The first one takes 15000 elementary multiplications, but the second one only 3500.
Your job is to write a program that determines the number of elementary multiplications needed for a given evaluation strategy.
The first line of the input file contains one integer n (1 <= n <= 26), representing the number of matrices in the first part. The next n lines each contain one capital letter, specifying the name of the matrix, and two integers, specifying the number of rows and columns of the matrix.
The second part of the input file strictly adheres to the following syntax (given in EBNF):
SecondPart = Line { Line } <EOF>
Line = Expression <CR>
Expression = Matrix | "(" Expression Expression ")"

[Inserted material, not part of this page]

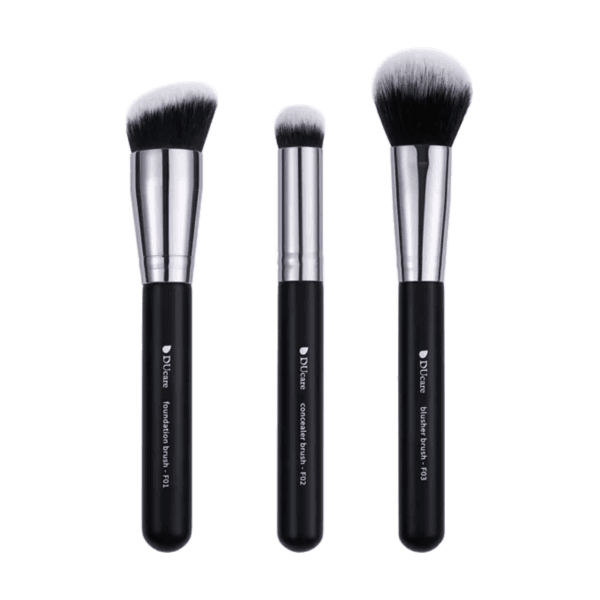 DU CARE PANDA 3 PCS FOR FACE BLACK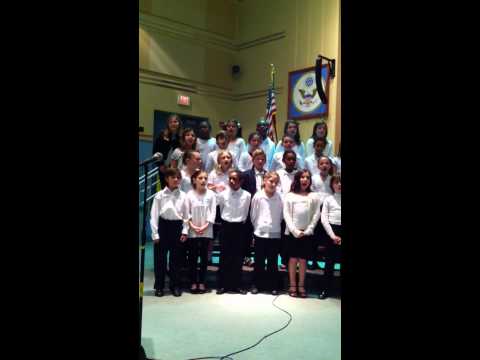 Penn Valley Elementary School - Winter Concert 2012 # 2  Zat you Santa Claus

Matrix = "A" | "B" | "C" | ... | "X" | "Y" | "Z"
給定n個矩陣,讓你用矩陣乘法進行表達式求值。例如:
A*B=A.y*A.y*B.y,(如果A.y!=B.x就直接輸出error)。
(A(BC))=A*(B*C)=b.x*b.y*c.y+a.x*a.y*c.y=10*20*5+50*10*5=3500
(B*C計算完結果後,得出一個新的矩陣m,m.x=b.x,m.y=c.y,A*M=a.x*a.y*m.y=a.x*a.y*c.y,最後再相加)。
思路:
建立一個結構體,用來存矩陣。從最中間的括號開始,用棧來存到達最裏面括號之前的矩陣,當遇到第一個‘)’時,彈出2個矩陣,使‘)’符號前面的兩個數相乘並記錄,同時存入他們計算後得到的新的矩陣。
代碼:
#include<iostream>
#include<stack>
using namespace std;
struct Matrix
{
int x,y;
}m[32];
int main()
{
int n;
char k;
string s;
cin>>n;
for(int i=0;i<n;i++)
{
cin>>k;
cin>>m[k-'A'].x>>m[k-'A'].y;
}
while(cin>>s)
{
int sum=0,flag=1;
stack<Matrix>e;
for(int i=0;i<s.size()&&flag;i++)
{
if(s[i]=='(')
continue;
else if(s[i]==')')
{
Matrix aa=e.top();
e.pop();
Matrix bb=e.top();
e.pop();
if(aa.x!=bb.y)
{
flag=0;
break;
}
else
{
sum+=aa.y*bb.x*bb.y;
Matrix r;
r.x=bb.x,r.y=aa.y;
e.push(r);
}
}
else
e.push(m[s[i]-'A']);
}
if(flag)
cout<<sum<<endl;
else
cout<<"error"<<endl;
}
return 0;
}